==================================================
Q:
You use lbfgs algorithm to train the model, but i can't get it why you run the lbfgs algorithm several times(50 times exactly you use ) ,and use the validation set to find the best one. But dont we use the validation set to only to find the optimal hyperparameters ? So the question is :why you use validation when you use lbfgs algorithm?
A:
The algorithm alternates between fitting topics and fitting a latent factor model. This procedure repeats for 50 iterations. The algorithm terminates when no further improvement is seen on the validation set, as that is the version of the model we'd expect to generalize best to unseen data.
==================================================
Q:
I would like to ask you a question about the source code for your work "Hidden factors and hidden topics: understanding rating dimensions with review text".
In the paper you mentioned that review topics could be aligned both with user and item features and you showed the results of both approaches in Table 3.
My questions are:
which strategy is implemented by default in the code?
Can I easily change it?
A:
In the code factors are attached to items by default. It's very easy to change -- just change the order that they get read in, i.e., change
uName >> bName
to
bName >> uName
Then the alignment will still be to the "items" but the items will actually be the user IDs.
==================================================
Q:
I want to change the LDA in the HFT model to twitter-LDA and see whether a better result can get. But I have no ideas which part of your code should I work on. Could you please give me a guide that how can I change it? In the twitter -LDA, there is one more hierarchy that belongs to the topic distribution over users as well as a Bernoulli distribution that controls background words or topic words generated.
A:
You should start by looking into the "lsq" and "dl" functions, which implement the energy and its derivative. Make sure you fully understand how these relate to the equations in the paper.
==================================================
Q:
I am using your code and I understand that it saves the topic-weights for each word in the corpus for all topics in "model.out". In my application, I am trying to compute the topic distributions for "new documents" created by considering a subset of reviews for a particular product.

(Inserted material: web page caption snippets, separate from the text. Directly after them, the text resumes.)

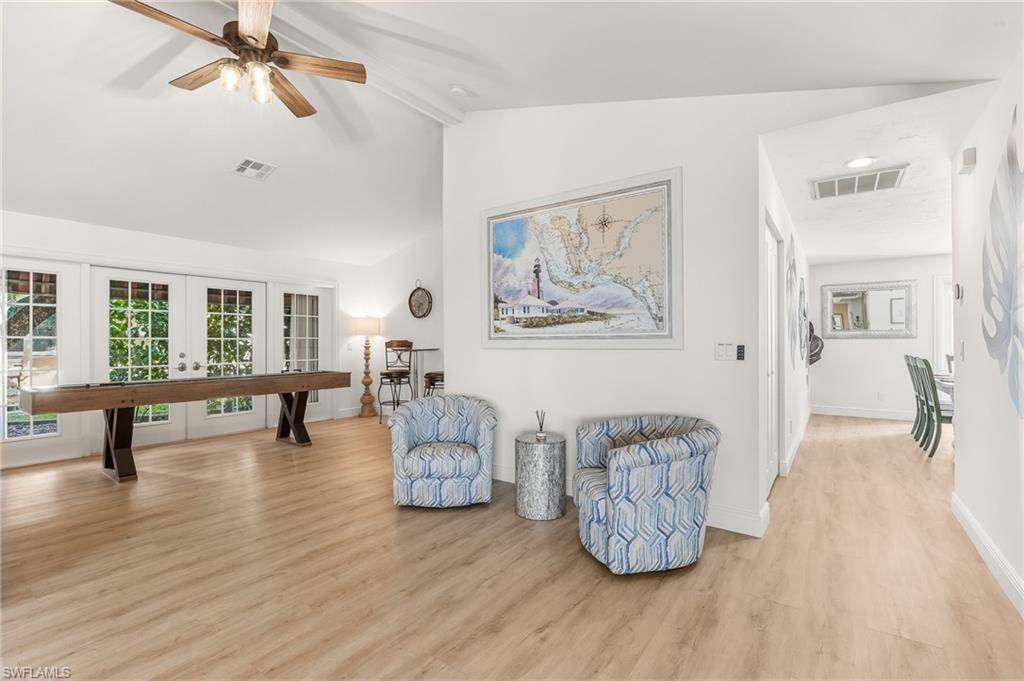 Living area with french doors, light wood finished floors, beam ceiling, high vaulted ceiling, and a ceiling fan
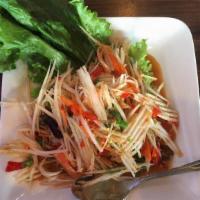 Papaya Salad · Julienned green papaya, roasted ground peanut, green bean and tomatoes tossed in a Thai lime...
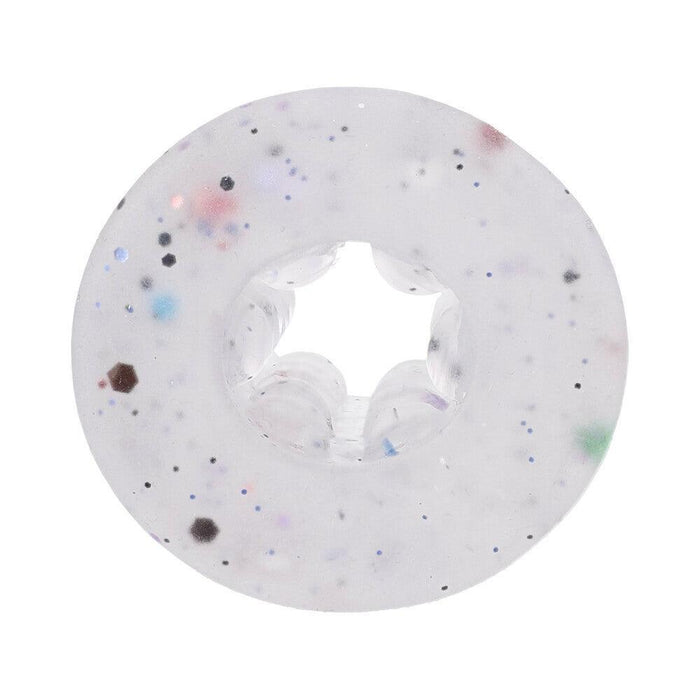 A round, transparent item from the GoodHead Birthday Blowjob Kit by Doc Johnson features a slick surface adorned with red, blue, black, and green speckles and a star-shaped hole at its center—ideal for those who enjoy the Stroker experience.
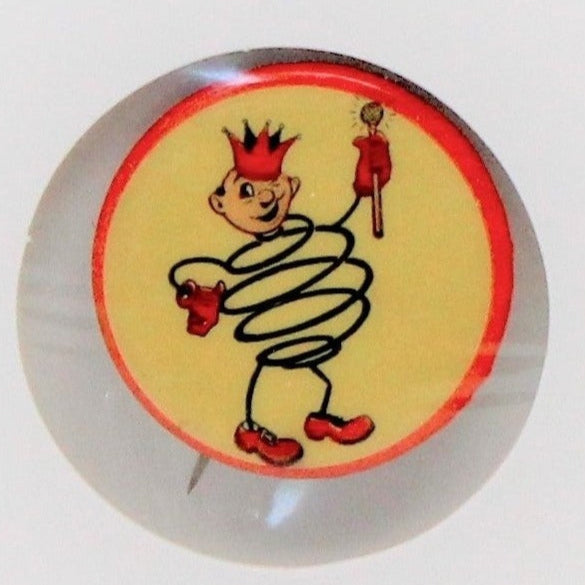 A vintage advertising pinback, King Koil logo, featuring a colorful illustration of a character on a yellow and red background, with a metallic pin backing.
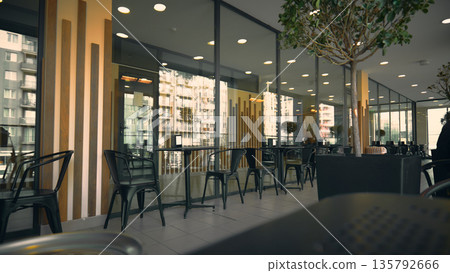 Contemporary outdoor restaurant seating featuring black metal chairs and glass storefront 135792666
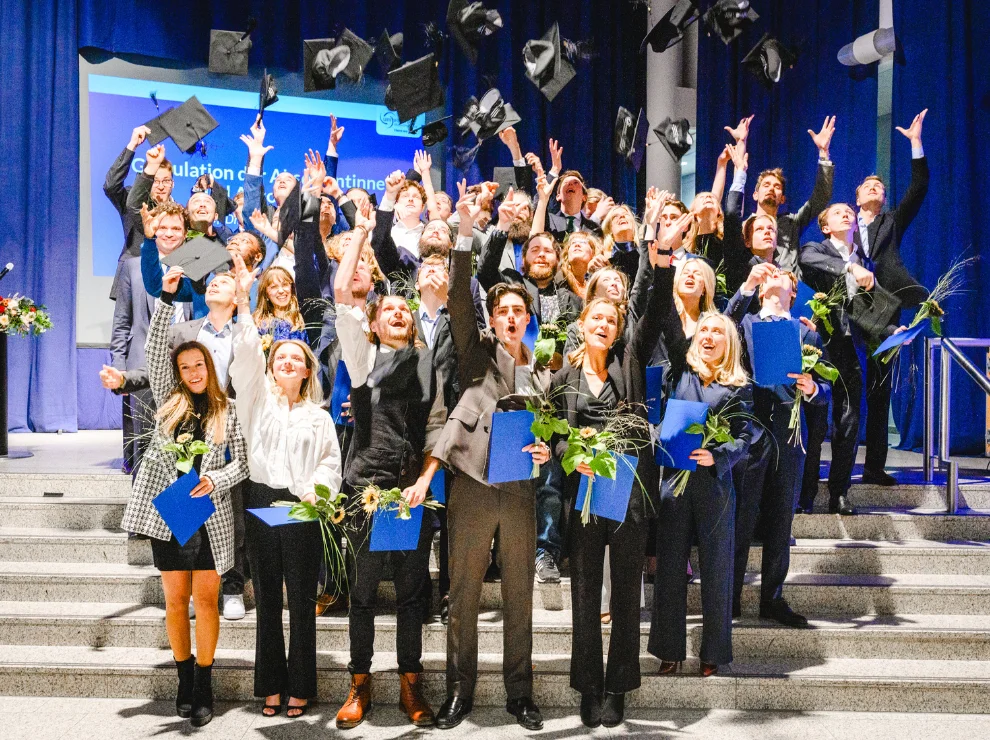 Gruppenfoto von Absolvent:innen, die ihre Hüte in die Luft werfen.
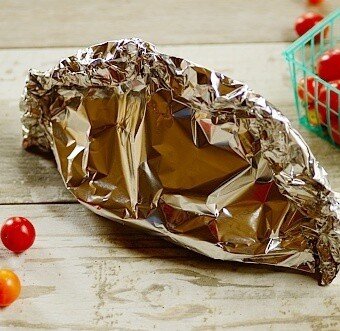 fish stew sealed in the aluminum packets (en papillote)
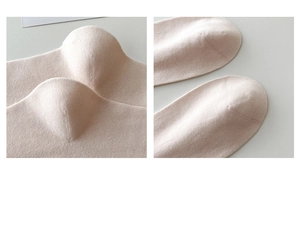 Detailed view of the reinforced heel and seamless toe construction on pink cotton socks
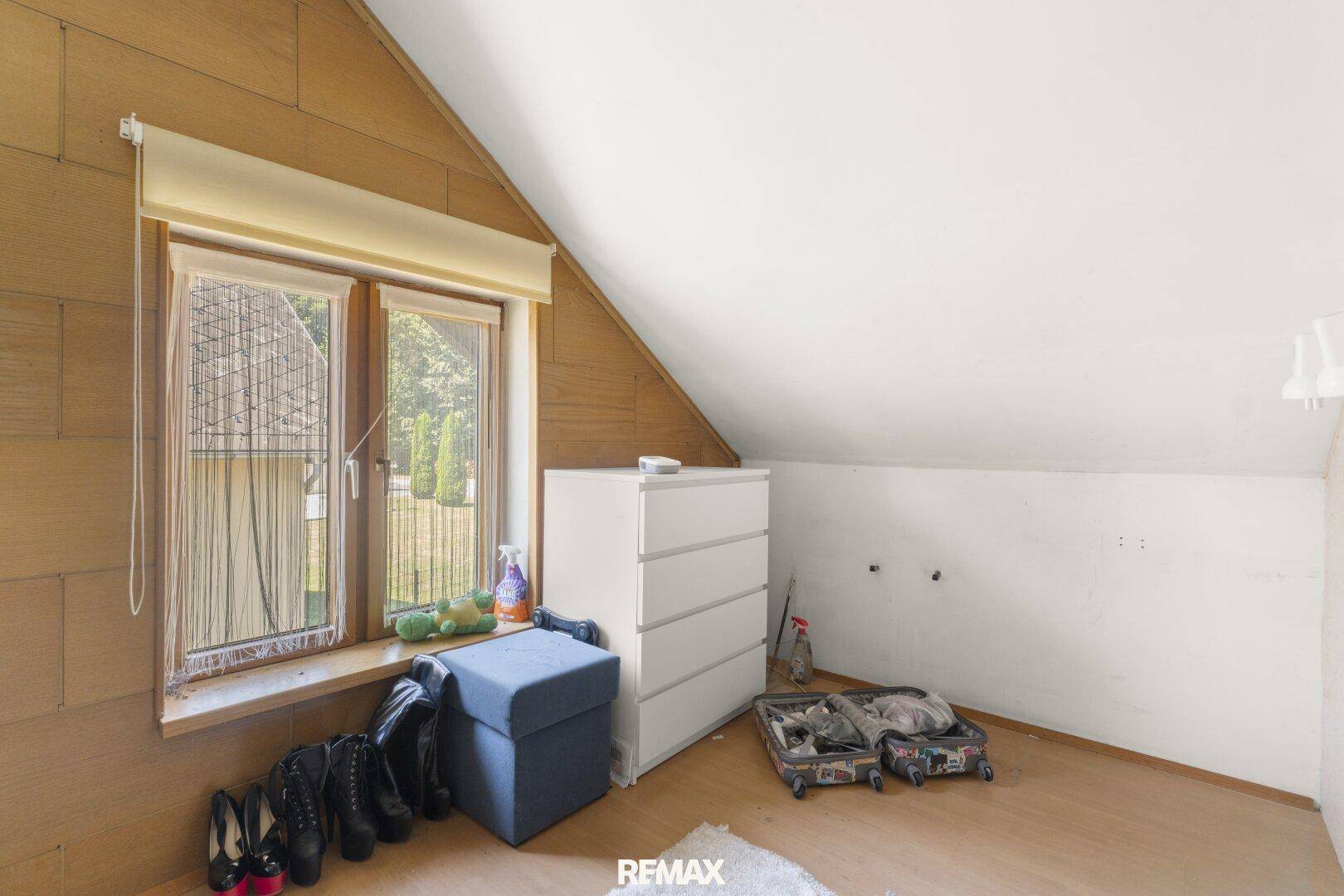 Dachgeschosszimmer mit schräger Decke, Holzboden und einem Fenster, das Tageslicht hereinlässt.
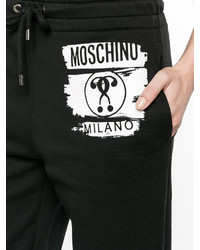 Pantaloni stampati neri di Moschino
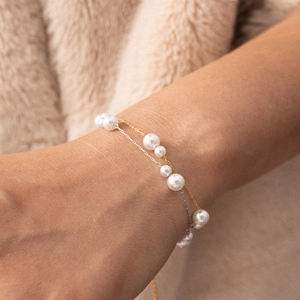 Elegantes zweischichtiges Perlenarmband mit Gold- und Silberketten am Damenhandgelenk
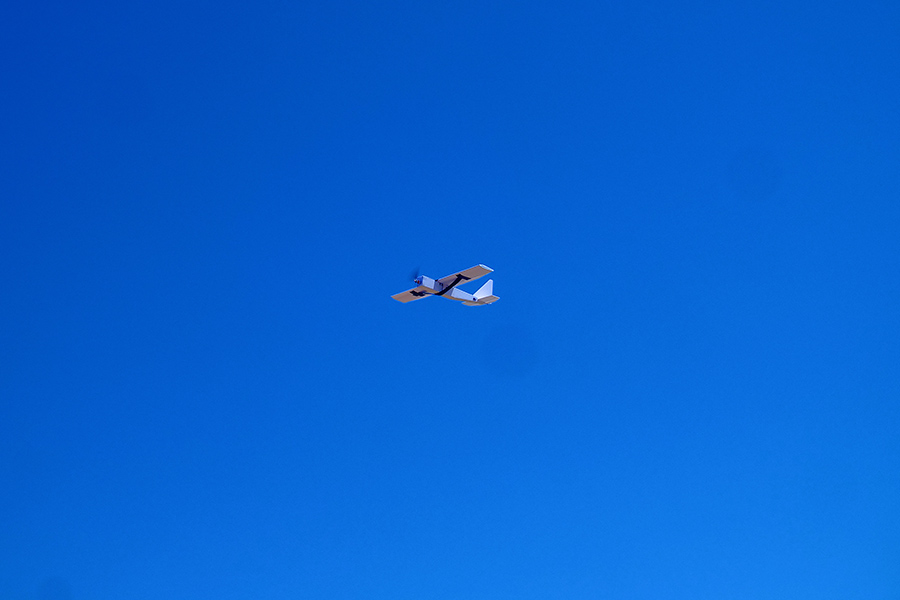 Student RC airplane in flight in beautiful clear blue skies.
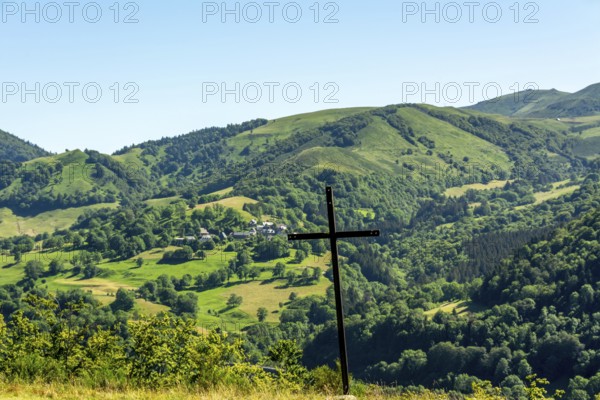 A wooden cross stands prominently against a picturesque landscape of rolling hills and vibrant greenery. The tranquil setting suggests a serene connection with nature, offering breathtaking views. Cezallier. Puy de Dome. Auvergne Rhone Alpes. France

Is it reasonable to sum the topic-weights over the words in my new document and use the transformation exp(kappa*gamma_k) / (sum_k'(exp(kappa*gamma_k'))), where gamma_k is the sum of topic-weights for topic-k to compute theta_k? How does the background-weight for each word factor into this? If this isn't correct, can you let me know how I can compute the topic-distribution?
A:
Sounds like you're on the right track -- to compute representations for new documents, you just want to get the topic representations (i.e., phi in a topic model) and then proceed exactly as if it were a regular topic model.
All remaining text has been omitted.